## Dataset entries
════════════════════

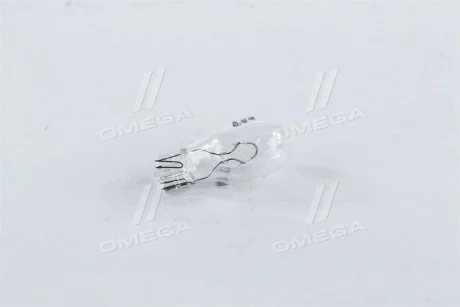 Лампа розжарювання W16W12V 16W W 2,1X9,5d (вир-во Philips) PHILIPS 12067CP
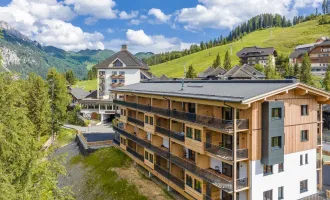 Luxusapartment in Sonnleit´n  am Nassfeld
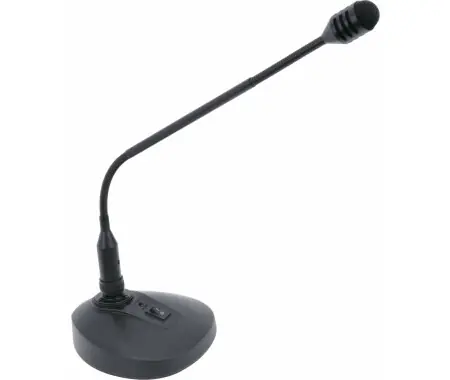 Omnitronic MIC SHD-1 Microfono A Collo D‘Oca Soddisfatti O Rimborsati
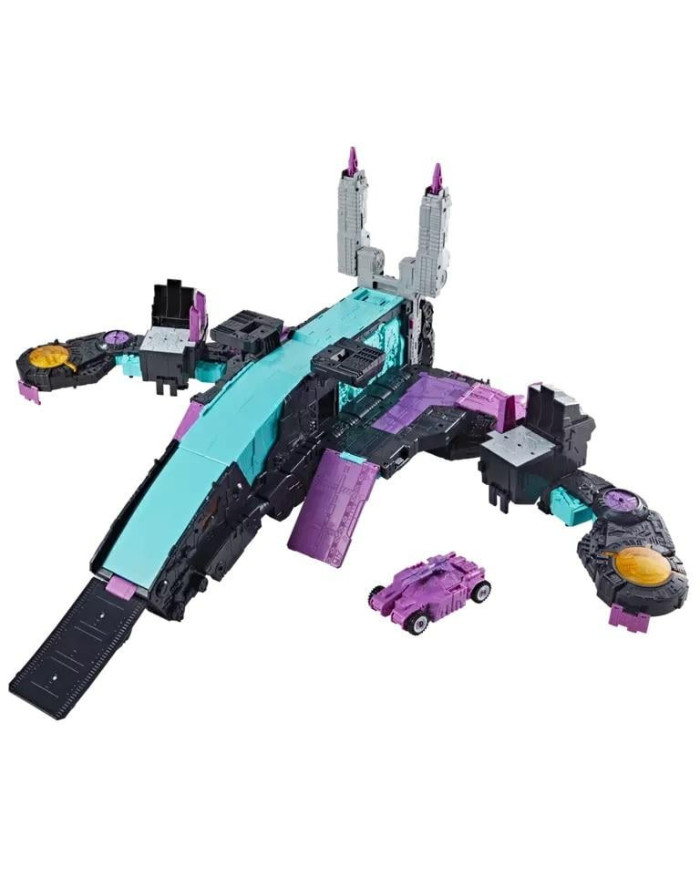 TRANSFORMERS - G1 Trypticon - Figurine Age of the Primes 45cm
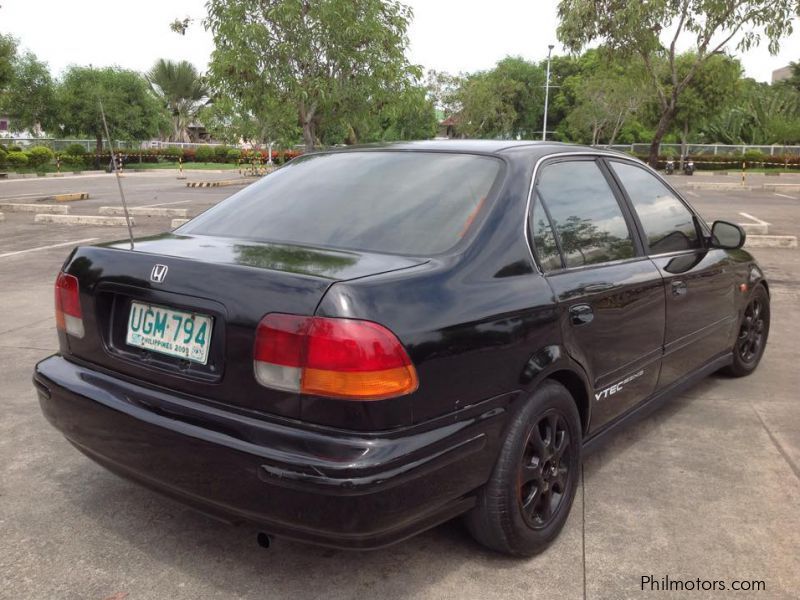 Honda Civic in Philippines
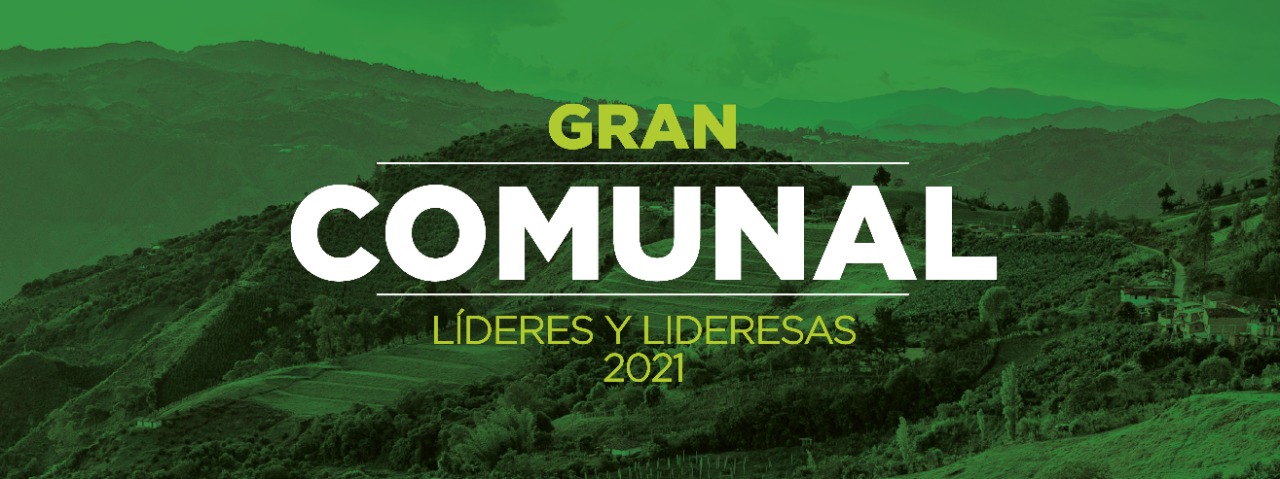 Banner Gran Comunal 2021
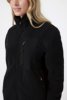 IQONIQ Diran gerecycled polyester pile-fleece jas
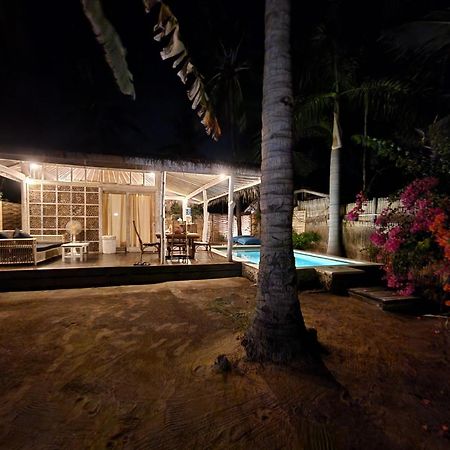 Bamboo Lodge Gili Trawangan Luaran gambar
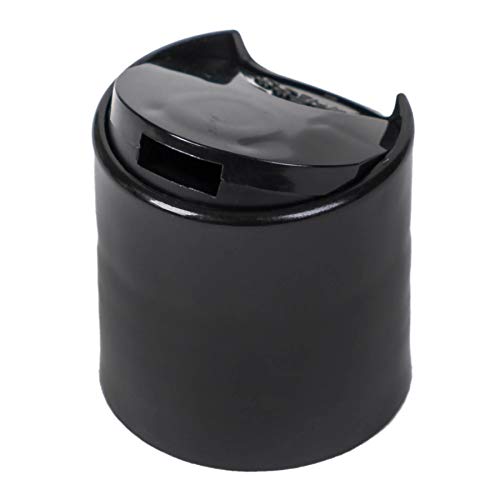 Бутилка SHANY от матирана пластмаса, Рет Cosmo Bullet с Черна Диска капак, 8 унции (опаковка от 2 броя)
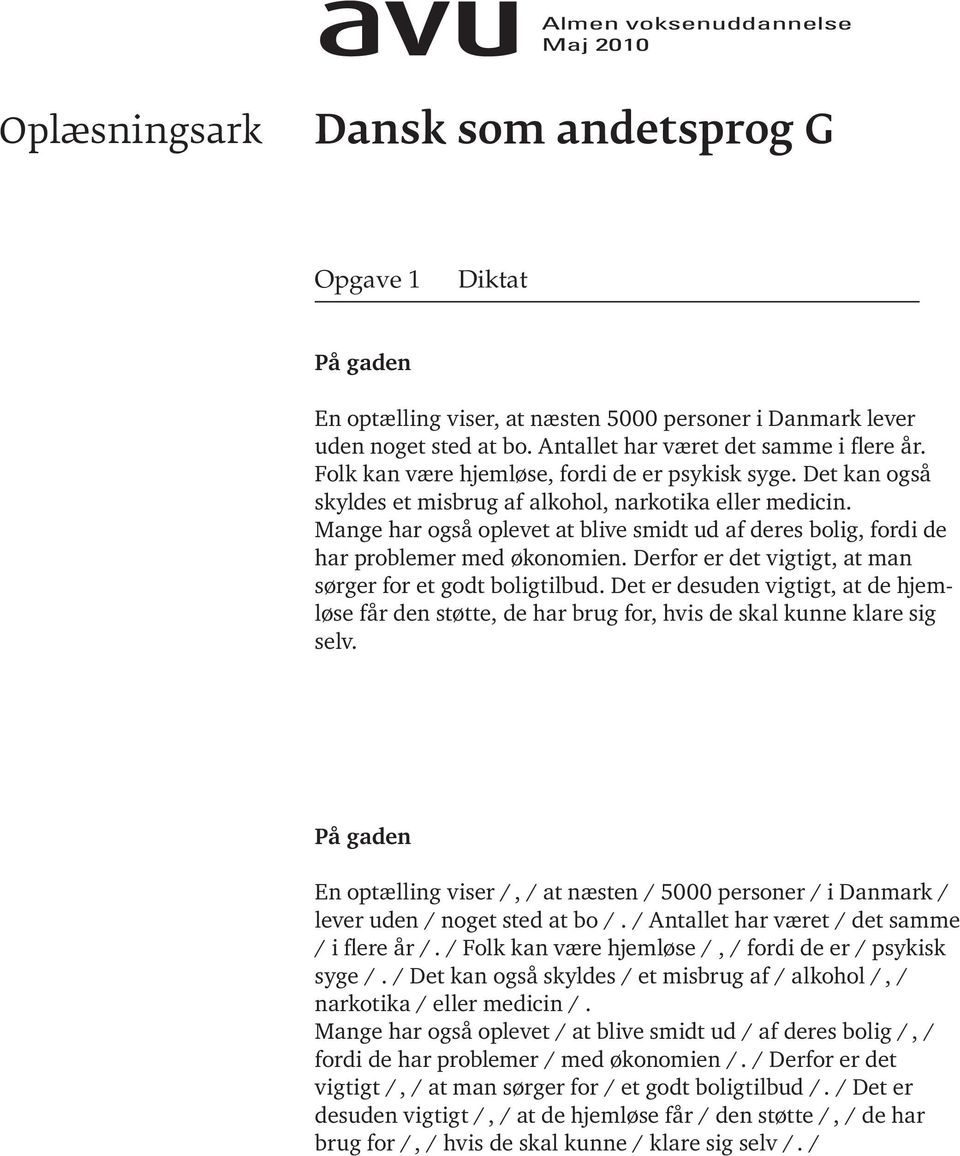 Dansk som andetsprog G - PDF Free Download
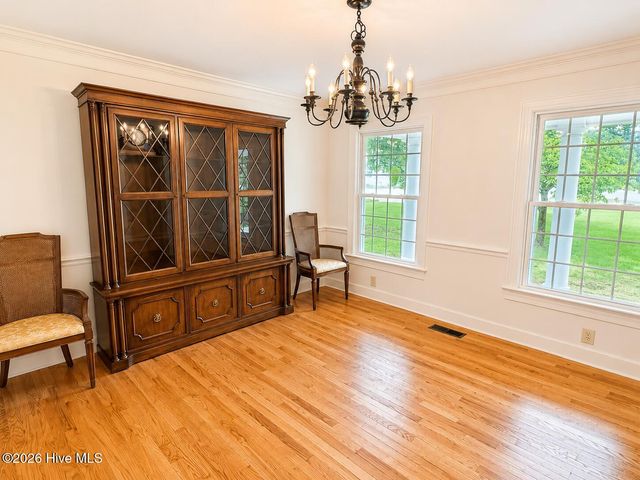 701 Edgewood Drive, Murfreesboro, NC 27855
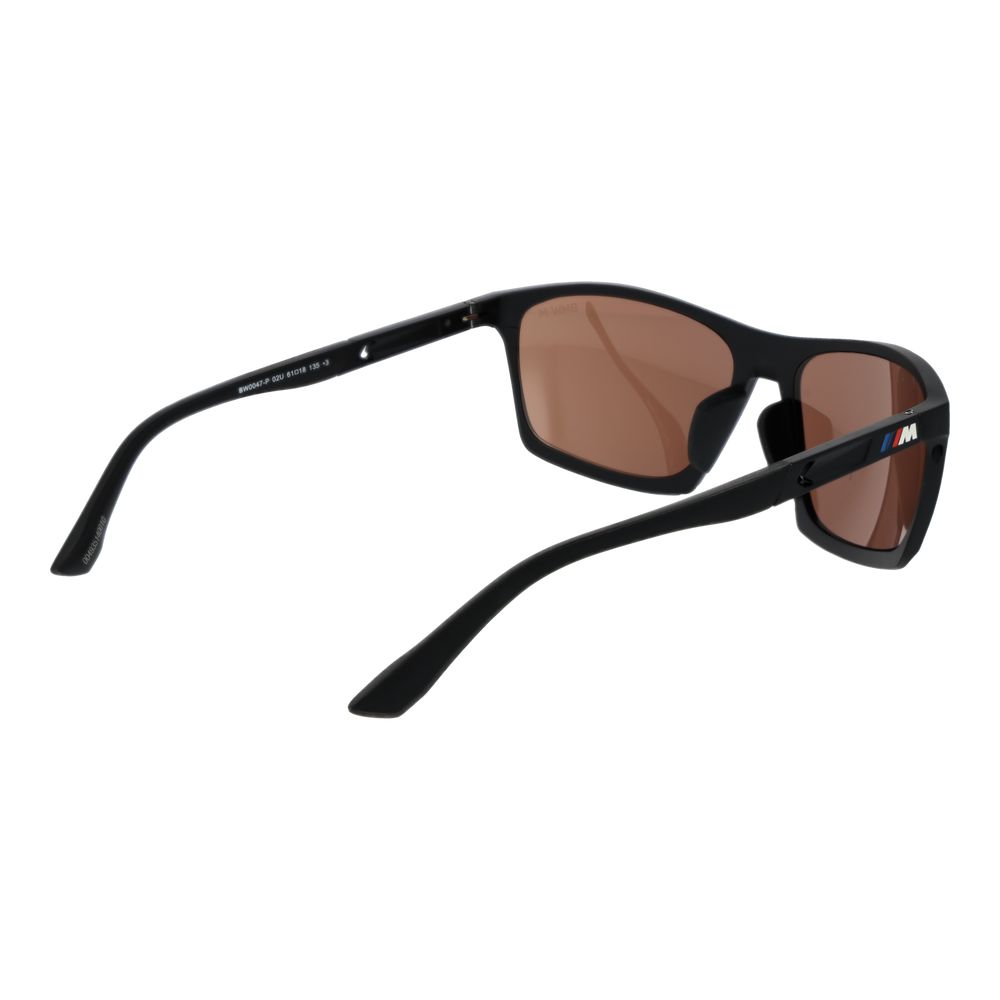 BMW Black Men Sunglass $596.00 BMW Luzworld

════════════════════

## PROBLEM STATEMENT
Write out, word for word, the lines from the first line of the entries through the one containing "Bamboo Lodge Gili Trawangan Luaran gambar", both included. Leave out the pictures.

## WRITTEN ANSWER
 Лампа розжарювання W16W12V 16W W 2,1X9,5d (вир-во Philips) PHILIPS 12067CP
 Luxusapartment in Sonnleit´n  am Nassfeld
 Omnitronic MIC SHD-1 Microfono A Collo D‘Oca Soddisfatti O Rimborsati
 TRANSFORMERS - G1 Trypticon - Figurine Age of the Primes 45cm
 Honda Civic in Philippines
 Banner Gran Comunal 2021
 IQONIQ Diran gerecycled polyester pile-fleece jas
 Bamboo Lodge Gili Trawangan Luaran gambar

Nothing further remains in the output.